La recluta Rino Piai - in abiti civili
L'alpino Rino Piai (a sinistra) - Rino Piai con tre commilitoni a Pieve di Cadore
Nel corso del 2° conflitto mondiale i coscritti del 1924 furono gli ultimi ad essere arruolati dal Regio Esercito Italiano.
Essi si trovarono a svolgere il loro servizio di leva, giovanissimi ed inesperti, nel momento più ambiguo e controverso dell’intera tragica vicenda bellica: l’8 settembre 1943.
Alcuni di quei ragazzi d’allora, sono ancora viventi e fanno parte della nostra Sezione A.N.A..
Ho raccolto le desolate vicissitudini di uno di loro: Rino Piai del Gruppo di Collalbrigo. Egli è nato a Collalto di Susegana il 21 aprile 1924. Il padre Arcadio, classe 1896, che nella vita civile fece come Rino l’agricoltore, era un Cavaliere di Vittorio Veneto avendo combattuto nella grande guerra come artigliere alpino del Gruppo Conegliano: Il 24 maggio 1943 Rino fu chiamato alle armi, assegnato alla Compagnia Comando del Btg Pieve di Cadore del 7° Rgt Alpini a Pieve di Cadore. L’addestramento ed il conseguente giuramento al Re ed alla Patria avvenne ad Agordo. In seguito fu mandato a Bassano del Grappa e poi a Schio. Proprio in quest’ultima località vicentina, la notte fra l’8 e il 9 settembre 1943 Rino fu fatto prigioniero in circostanze che appaiono ancora strane a distanza di oltre sessant’anni. Rino che aveva appena terminato il servizio di guardia, fu recluso assieme a molti altri commilitoni da un plotone di tedeschi improvvisamente penetrati nella caserma. Da quel momento iniziò la sua odissea e quella di tutti gli altri sventurati compagni. Caricati dai militari tedeschi a calci e a spintoni su una tradotta ferroviaria diretta in Germania, capirono subito quale trattamento avrebbero ricevuto. Rino e gli altri furono chiamati da quel giorno “badogliani” che nell’immaginario collettivo tedesco significava vili, traditori, come se fossero stati loro i responsabili della decisione presa dagli alti comandi del Regio Esercito Italiano.

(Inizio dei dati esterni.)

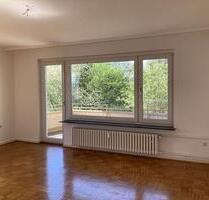 Geräumige, gepflegte 4 Zimmer-Wohnung mit Balkon in ruhiger guter Stadtrandlage - Kassel Fasanenhof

Ricorda come fosse ieri il tentativo di fuga di alcuni dei prigionieri. Essi morirono trucidati sulle rotaie, falciati dai mitra dei tedeschi, senza alcuna pietà. Il viaggio durò circa 8 giorni, nei quali i prigionieri furono lasciati senza cibo e l’acqua per dissetarsi e per la minima igiene personale proveniva da alcune botti e probabilmente non era neanche potabile. Gli rimane nel cuore, nell’unica fermata fatta dalla tradotta a Mantova, la solidarietà di alcuni civili che gettarono dentro i vagoni delle angurie rischiando la feroce reazione nazista. Arrivarono a Neu brandenburg dove per circa 20 giorni con zappe e badili allargarono e pianificarono la pista del campo d’aviazione militare. La fame era sempre l’altro grande nemico da sconfiggere e quando i prigionieri zappando scorsero delle piccole patate sul fondo del terreno non resistettero. Le raccolsero e le nascosero fra le falde dei pantaloni sino a quando qualcuno dei sorveglianti scoprì tutto ciò riservando loro alcune nerbate al grido di “maledetti badogliani”.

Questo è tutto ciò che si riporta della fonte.